■ Task to complete: Below is a listing; retype exactly the line with "2020 LAND ROVER DEFENDEDR 110" and every line after it through the end, and only those, leaving out the pictures.

■ Supplied information:
★ ★ ★ ★ ★

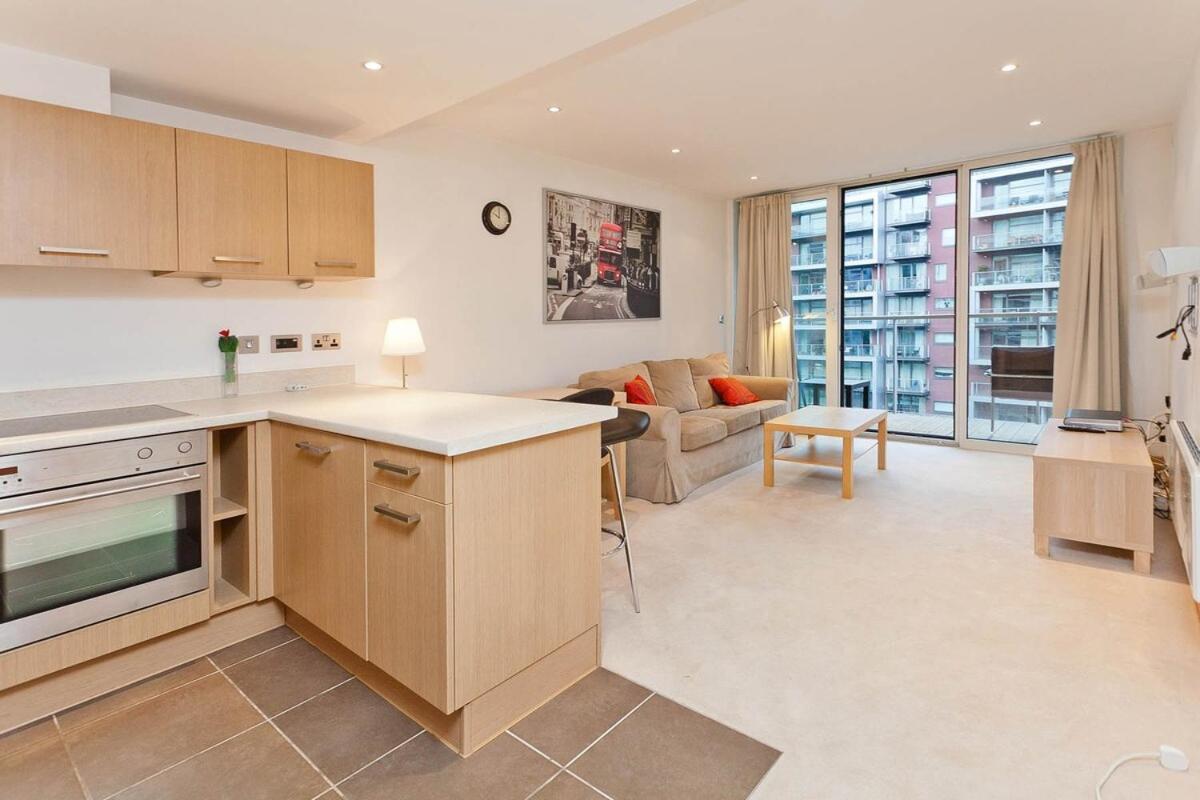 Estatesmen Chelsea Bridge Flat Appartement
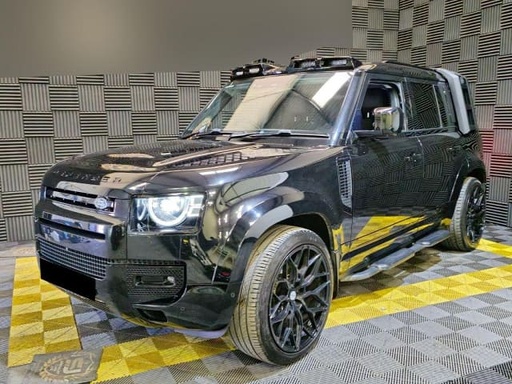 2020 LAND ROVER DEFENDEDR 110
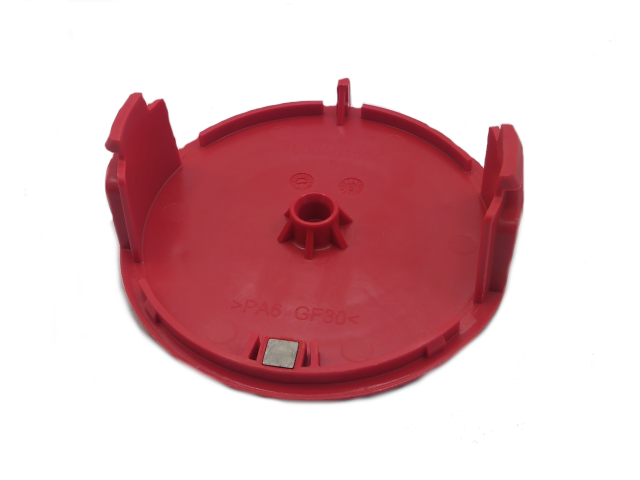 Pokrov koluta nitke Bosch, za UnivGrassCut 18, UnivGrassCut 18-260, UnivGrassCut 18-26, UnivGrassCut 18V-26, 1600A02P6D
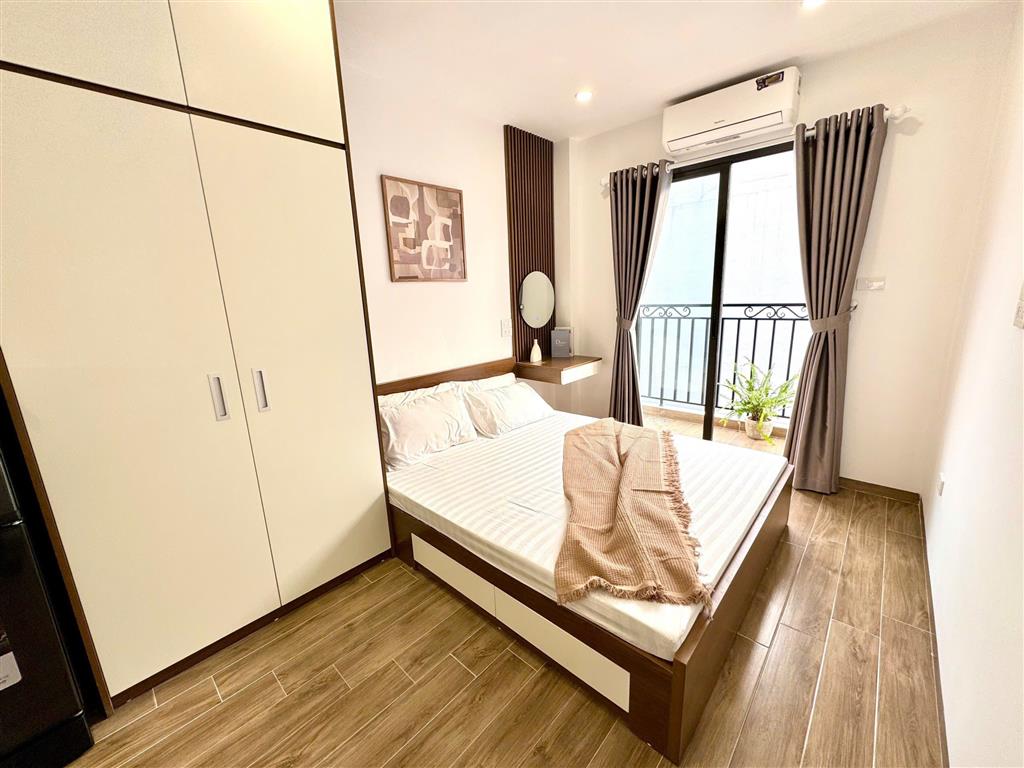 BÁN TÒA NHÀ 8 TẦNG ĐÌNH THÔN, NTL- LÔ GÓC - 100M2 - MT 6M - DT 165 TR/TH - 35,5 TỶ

★ ★ ★ ★ ★

■ Answer:
 2020 LAND ROVER DEFENDEDR 110
 Pokrov koluta nitke Bosch, za UnivGrassCut 18, UnivGrassCut 18-260, UnivGrassCut 18-26, UnivGrassCut 18V-26, 1600A02P6D
 BÁN TÒA NHÀ 8 TẦNG ĐÌNH THÔN, NTL- LÔ GÓC - 100M2 - MT 6M - DT 165 TR/TH - 35,5 TỶ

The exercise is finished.